---- INPUT DATA
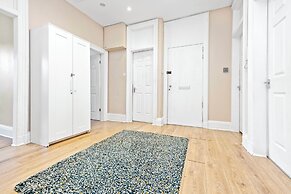 JOIVY Cosy 3bed Family Flat near Leith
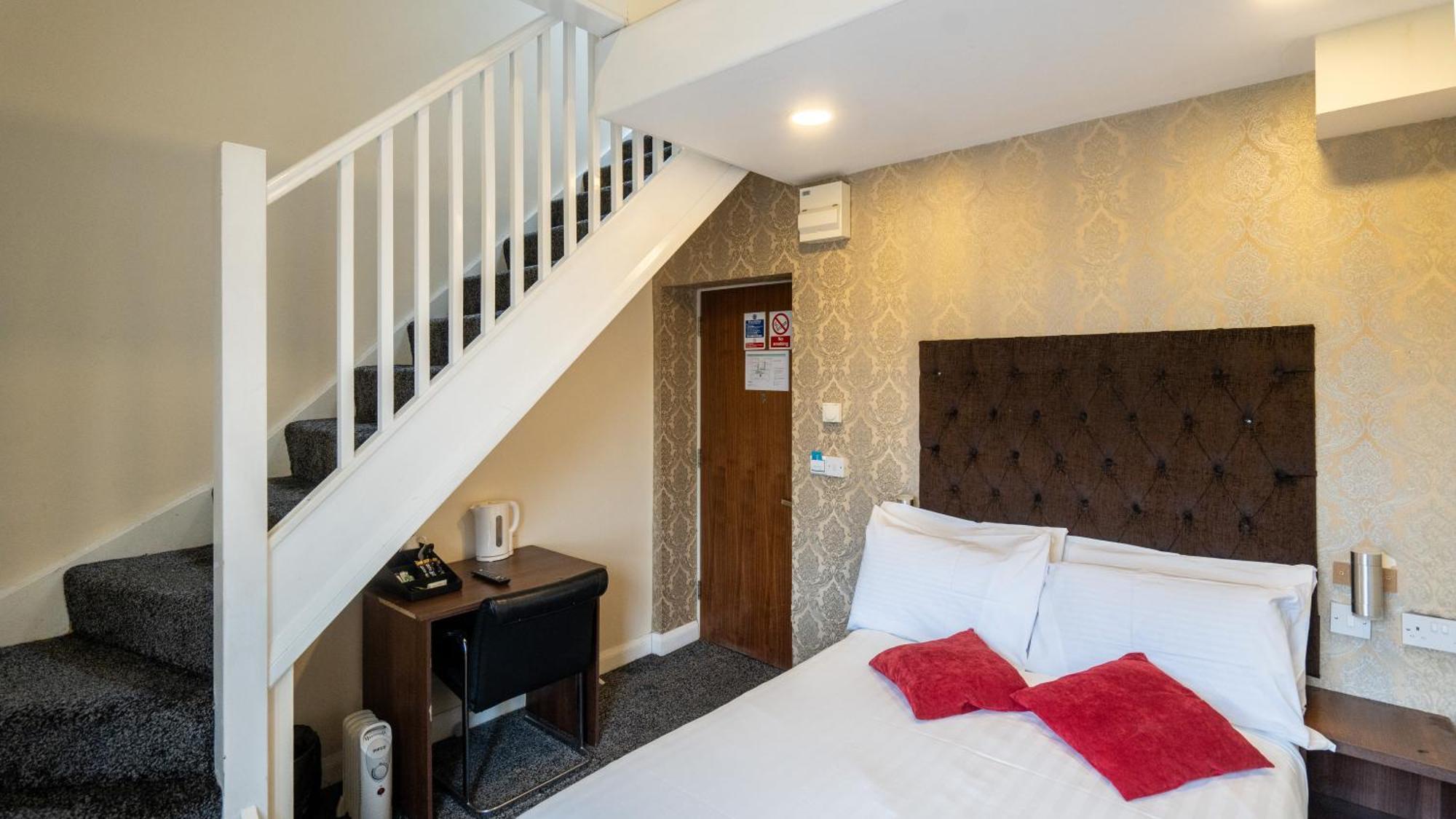 Trivelles Seaforth 3* Litherland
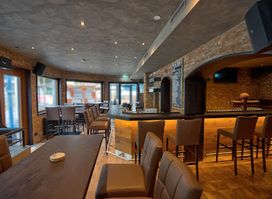 Mikes Sports Bar.
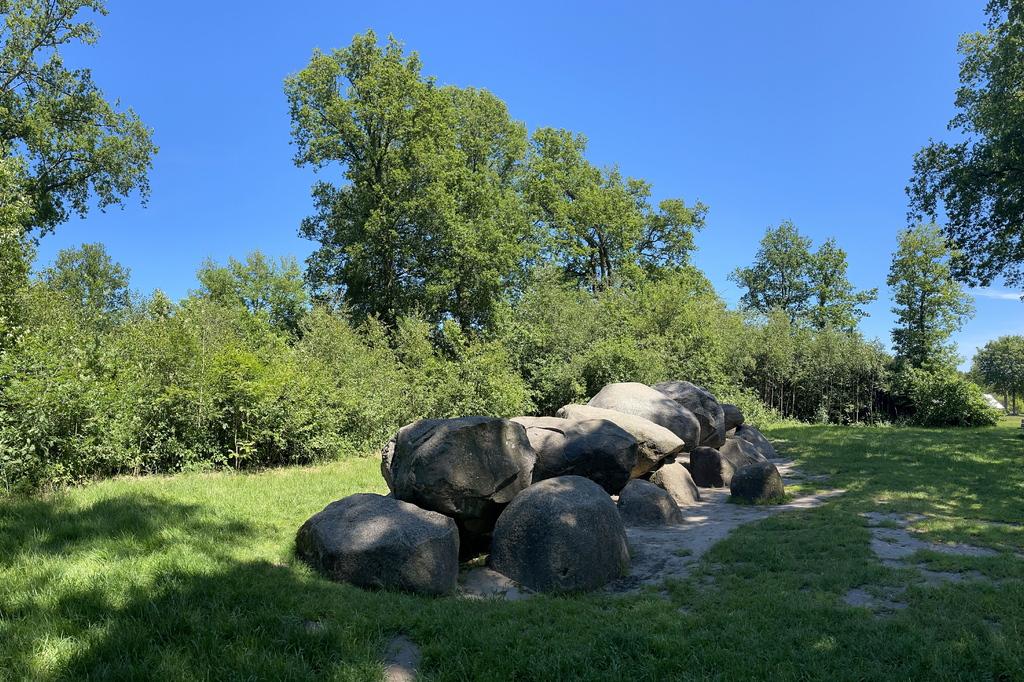 Lais Puzzle - Dolmen-Panorama in Diever Drenthe - 2.000 Teile p-275204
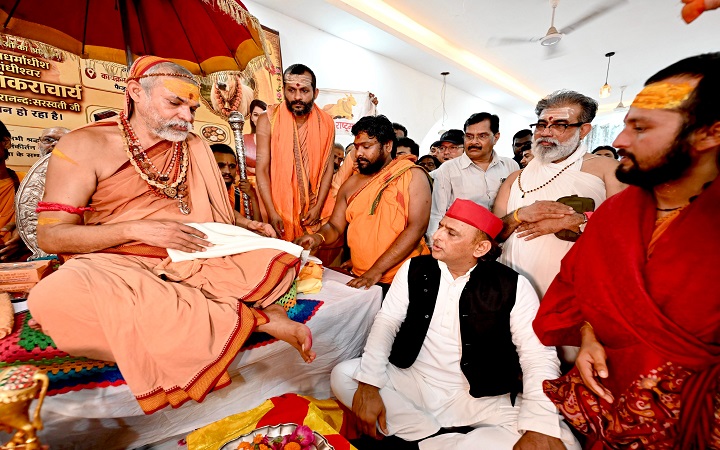 अखिलेश ने शंकराचार्य अविमुक्तेश्वरानंद से की शिष्टाचार भेंट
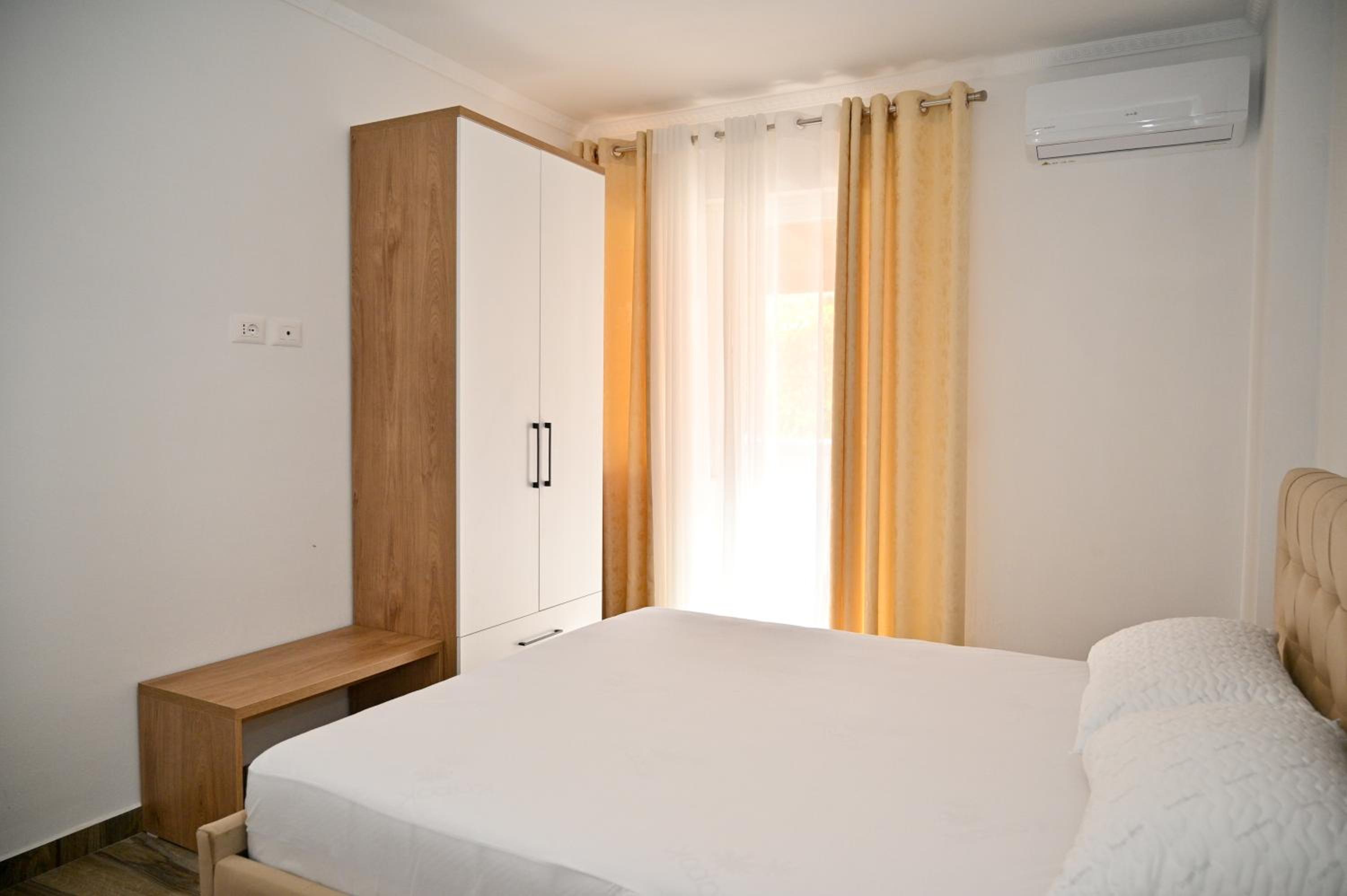 Elite Apartments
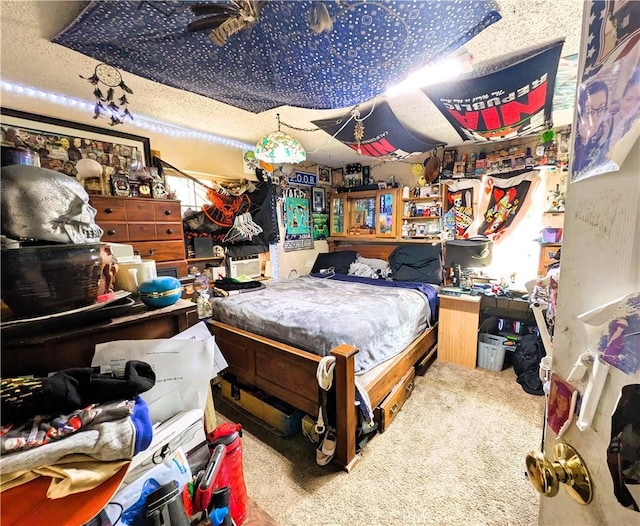 14136 Osage Rd, Apple Valley, CA 92307 - bedroom featuring carpet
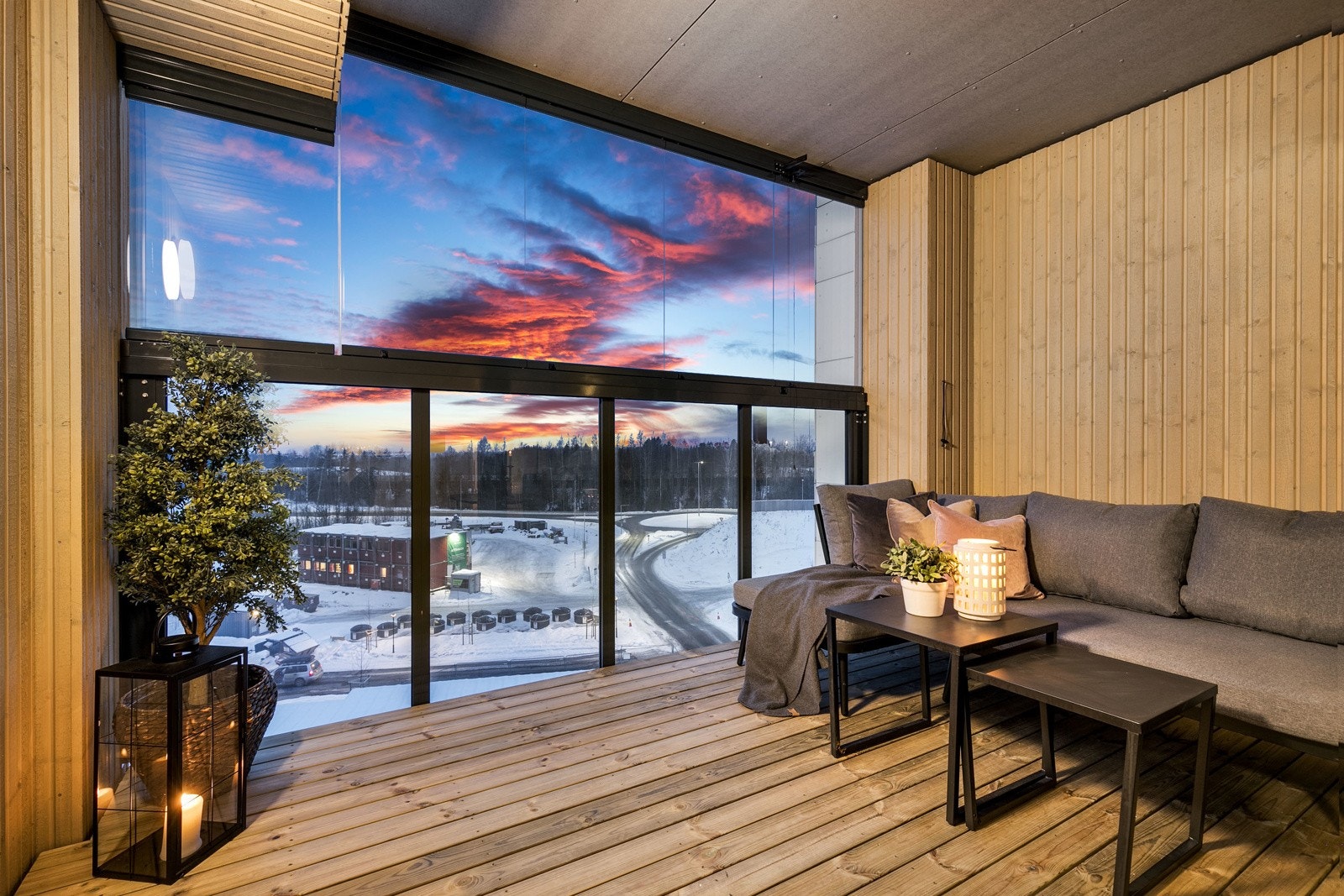 Utgang til en flott sydvendt balkong på 7 kvm, åpen balkong. Bilde fra M507, med innglasset balkong. Galleribilde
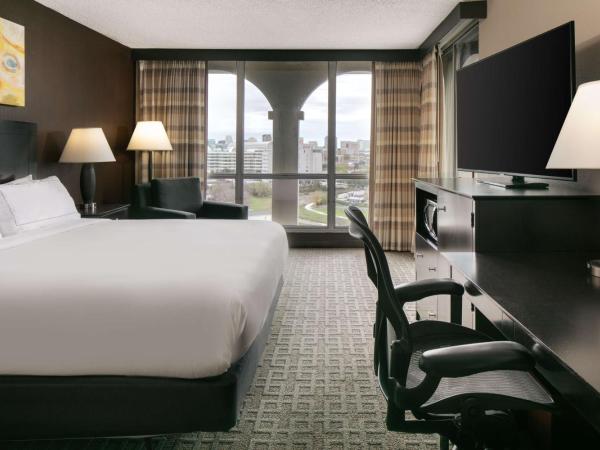 DoubleTree by Hilton Dallas Market Center : photo 6 de la chambre chambre lit king-size avec balcon - non-fumeurs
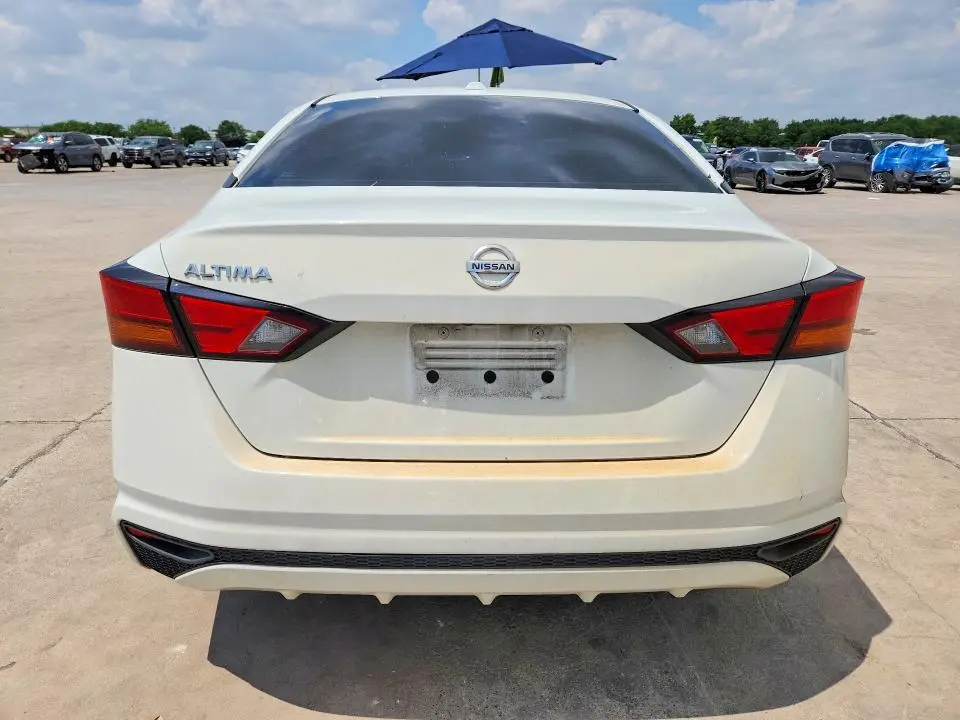 2019 NISSAN ALTIMA S  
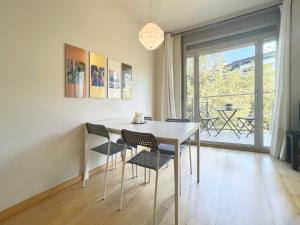 comedor con mesa blanca y sillas en Stay U-nique Apartments Venecuela, en Barcelona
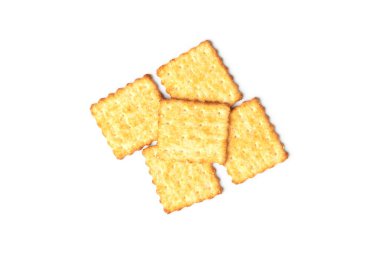 Beyaz arkaplanda izole edilmiş kraker kurabiyeleri.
--------
- [EXERCISE OBJECTIVE]:
Leave the pictures out and restate exactly the lines from the one that has "DoubleTree by Hilton" through the final line of the entries above, both ends included.

- [RESPONSE TO THE TASK]:
 DoubleTree by Hilton Dallas Market Center : photo 6 de la chambre chambre lit king-size avec balcon - non-fumeurs
 2019 NISSAN ALTIMA S  
 comedor con mesa blanca y sillas en Stay U-nique Apartments Venecuela, en Barcelona
 Beyaz arkaplanda izole edilmiş kraker kurabiyeleri.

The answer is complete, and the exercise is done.